Accord UE-Mercosul : ne changez pas votre position
Comme vous le savez, monsieur le Président, en France et au Brésil, l’économie paysanne, formée par des familles engagées dans une production alimentaire durable et locale, indispensable à la sécurité alimentaire et à la préservation de l’environnement, est foncièrement menacée par l’accord UE-Mercosur. Cet accord de libre-échange condamne l’essor de l’agroécologie qui, seule, peut faire vivre les territoires en rémunérant dignement le travail paysan et les communautés traditionnelles dans les deux pays et ailleurs. Il faut dépasser la problématique de la réciprocité des normes de production dans les échanges commerciaux qui ne profitent qu’aux géants de l’agrobusiness. Ceux-ci sont les responsables majeurs du réchauffement climatique et de la financiarisation de la terre, qui se transforme en actif au détriment de la dignité de tous ceux et celles qui se battent pour garantir des systèmes alimentaires sains et divers, socle d’un avenir aujourd’hui menacé.
Monsieur le Président de la République, nous vous remercions de l’attention que vous portez à nos positions et demandes, en espérant un retour de votre part et de réels engagements envers les Français·es de l’étranger.

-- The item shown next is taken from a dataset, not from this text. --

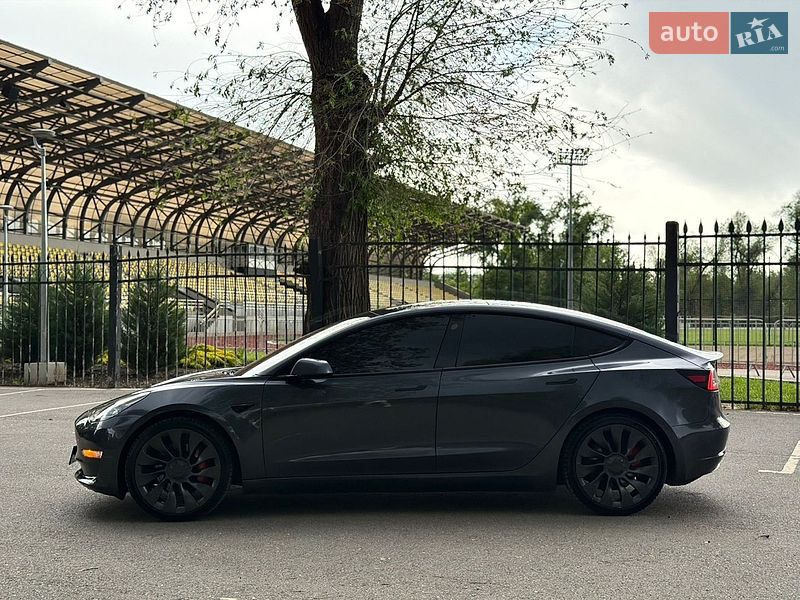 Седан Tesla Model 3 2022 в Кривом Роге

Représentant le mandat collectif consulaire Traits-d’Union (2e et 3° circonscriptions du Brésil) mandatcollectif@traits-dunion.com.br | www.traits-dunion.com.br :
Mélanie Montinard, conseillère des Français·es de l’étranger, Présidente du conseil consulaire et membre du conseil d’administration de l’Agence pour l’Enseignement Français à l’Étranger (AEFE),
Tulio Matencio, conseiller des Français·es de l’Étranger,
Frédéric Laplace, conseiller des Français·es de l’Étranger.
Représentant la 1° circonscription du Brésil :
Julie Cavignac, conseillère des Français·es de l’étranger,
Jean François Deluchey, conseiller des Français·es de l’Étranger.